Once again the results show promising findings as a subset of features can be seen to have similar relative importance across both search problems. In fact this emphasises the suggestion, as observed earlier in the Chi-sqaure test results, that there seems to be a subset of effective features, like \(A^\prime \), to the task of operator selection that can be transferable from one problem to another. Worth mentioning that in both Fig. 4 and Fig. 5, the relative feature importance is computed for the whole set of features, as the SVM considers weighing all input attributes, and the RF calculates class impurity – relative Shannon entropy– weighted by the probability of reaching the target class (success operator) corresponding to all features as these are re-sampled across 200 trees, and subsequently their scores normalised. That is to say that in selecting the subset of effective features, their relative importance should be considered rather than the values assigned to them.

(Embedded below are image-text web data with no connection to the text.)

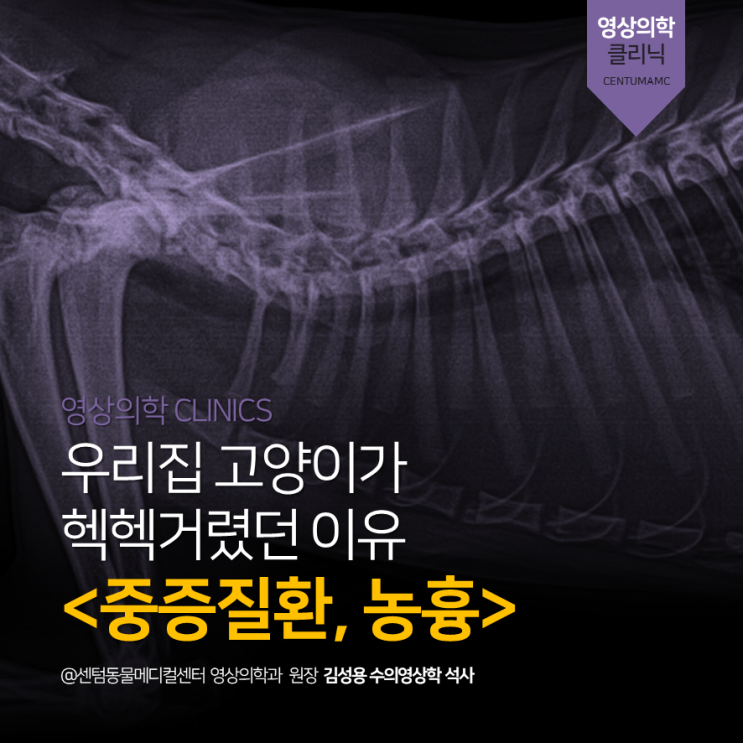 2살 고양이 농흉 (pyothorax) (부산 응급 영상 분석 동물병원 센텀동물메디컬센터)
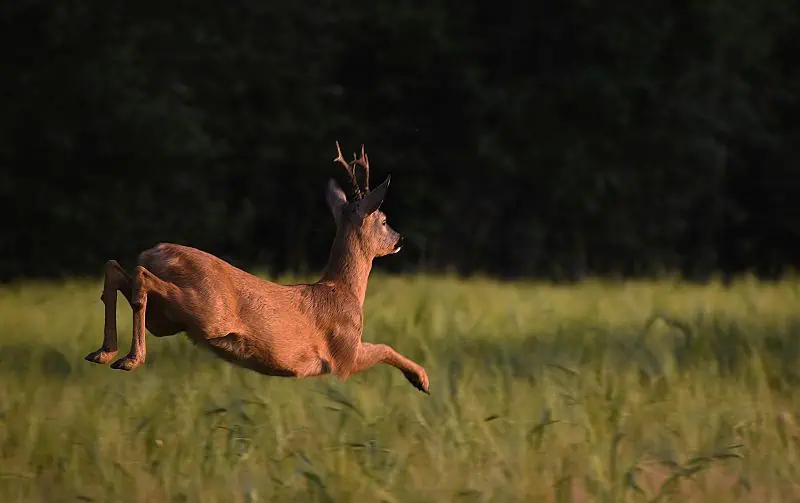 Roe deer (Agata Kaczówka /Unsplash)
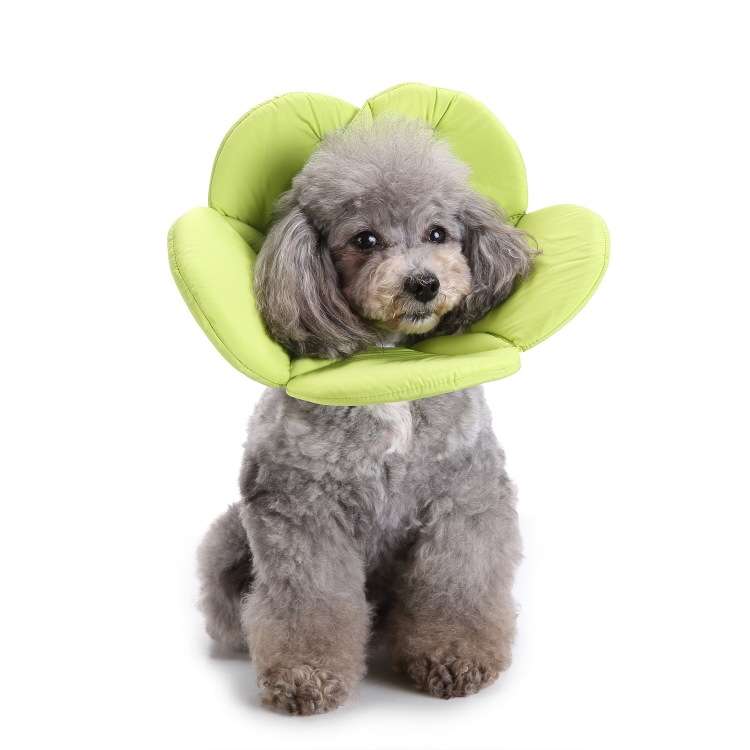Pet Protection Collar Dog Flower Protection Collar, Specification: M(Rainbow)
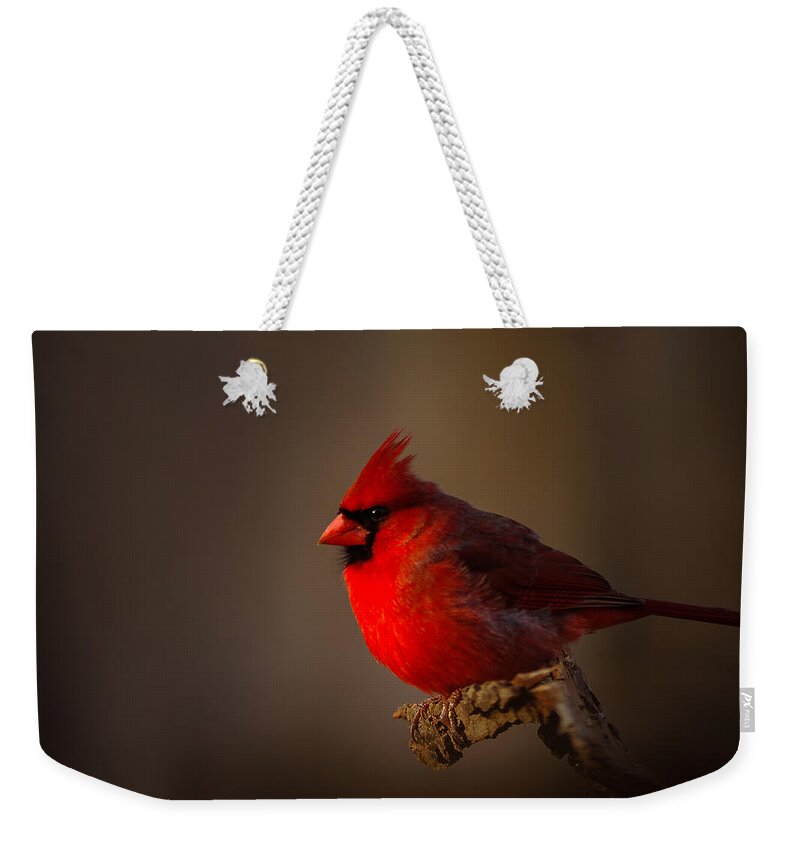 Male Cardinal Weekender Tote Bag featuring the photograph Male Cardinal subdued Forest Background by Randall Branham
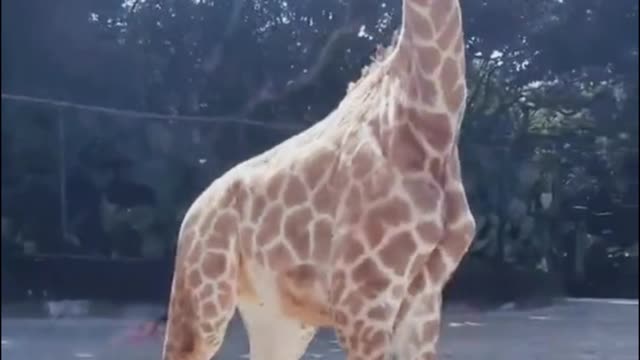 Giraffe's neck is really too long, I think such a long neck will get cervical spondylosis?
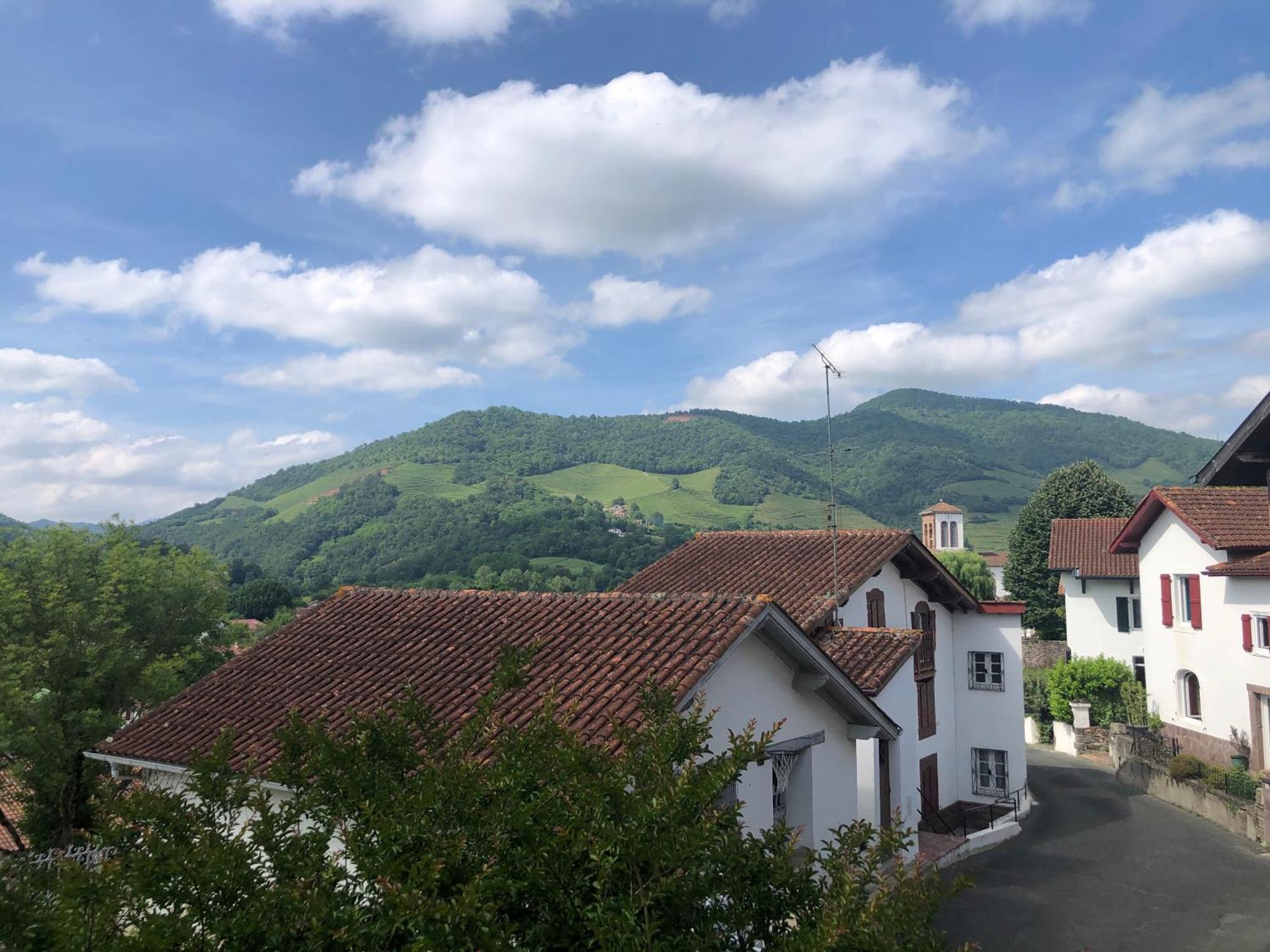 Maison D'Hotes Larraldia Uhart-Cize Buitenkant foto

The assessment on what specific features are most prevalent to the success operator selection, and why can be ‘overenthusiastic’ at this stage, especially so as this would require extensive characterisation of both search problems, which will be evaluated further in a later study. Here, however, the argument on finding a transferable \(A^\prime \) from one search problem to another seems plausible. For this, the extent of predictability (solution quality) and robustness as features are reduced and transferred across different search domains should be examined further.

5 Conclusions and Future Work

This paper presents an exploratory and a predictive analysis in order to reveal the impacts and domination of a set of features considered for characterisation of search spaces in optimisation domain. The idea is to identify the set of the most impactful and prominent features that best represent a problem state and its standing within its neighbourhood so that the best fitting neighbourhood function among many alternatives can be selected to generate the next problem state avoiding local optima for higher efficiency in search process. A swarm intelligence algorithm – artificial bee colony – has been used with a pool of neighbourhood functions, i.e. operators, to solve two different types of combinatorial optimisation problems utilising an adaptive operator selection scheme. The set of most prominent features are elicited through a rank of weights using statistical and machine learning methods. The analysis demonstrated that a set of features mostly including individual features are found to be more discriminative than those of population-based metrics.

The interesting preliminary outcome of the study is that the most effective features have been mostly the same even if the problem domain has changed. This can suggest that the information can be transferable between different problem domains. For the next step of this work, the success of transfer learning through the problems needs to be examined in terms of robustness and solution quality. The set features will be considered in active and reinforcement learning for dynamic and more realistic problems.